Summary: Raise dynamic HSTS max-age cap to 2 years (or remove?) (was: Raise dynamic max-age cap to 2 years (or remove?))

Comment 3 by est...@chromium.org, Feb 16 2017

I have no strong feelings about 1 year vs 2 years, but I don't love the idea of not having any cap at all, in case of domain ownership transfer.
Description: Show this description

Comment 5 by apk...@mozilla.com, Apr 26 2017

My personal preference (although not necessarily reflective of my employer) is that 2 years is a perfectly reasonable maximum.

Given that Firefox has been unbounded for years without issue, I can't imagine there are that many sites impacted by the domain transfer problem.  Worst-case scenario, they can always set max-age to 0 and redirect to HTTP.

A possible compromise (if messy) might be to cap "includeSubDomains" subdomains at a lower maximum than the domain HSTS is specifically set on.  So if I set HSTS to 2 years on pokeinthe.io with includeSubDomains, pokeinthe.io will be set for 2 years, but foo.bar.pokeinthe.io would be capped at 6 months.  IIRC, issues with subdomains were typically the biggest problem with HSTS unpreloading requests.

Comment 6 by agl@chromium.org, Apr 28 2017

(I defer to sleevi and estark on this.)
Sounds like the net vote of sleevi@ and estark@ is "keep at 1 year"?

There have been very few domain transfer problems, and pruning should help keep a lid on them. We've also historically been unconcerned with these sites because HTTPS is pretty easy for a newly launching site to adopt these days.
But we may start getting regular complaints in the future.

If we keep 1 year as the Chrome cap, any objections for continuing to recommend 2 years to webmasters at hstspreload.org? In browsers that support more than 1 year, I think it's definitely a better choice for site security.

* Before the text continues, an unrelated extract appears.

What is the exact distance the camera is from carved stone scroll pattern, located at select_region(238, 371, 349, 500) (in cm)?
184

> A possible compromise (if messy) might be to cap "includeSubDomains" subdomains at a lower maximum than the domain HSTS is specifically set on.

An interesting idea; I hadn't thought of that. But I think the complexity would outweigh the benefit. Anecdotally, a lot of sites also find issues with their subdomains only once HSTS is in place for the parent domain, for which a faster subdomain timeout wouldn't help.
Status: WontFix (was: Untriaged)
CL to change to 2 years rejected: https://chromium-review.googlesource.com/c/chromium/src/+/884201.
FWIW, Edge also does not have an upper bound on the max-age (or it's maxint or something similarly high), and they currently don't have plans to change it, although they expressed some willingness to reconsider if we thought it important.

Also, it's notable that HSTS is hardly the only context where domain transfer is problematic... the browser doesn't expire cookies, cache, DomStorage, permissions, databases, etc upon transfer of ownership.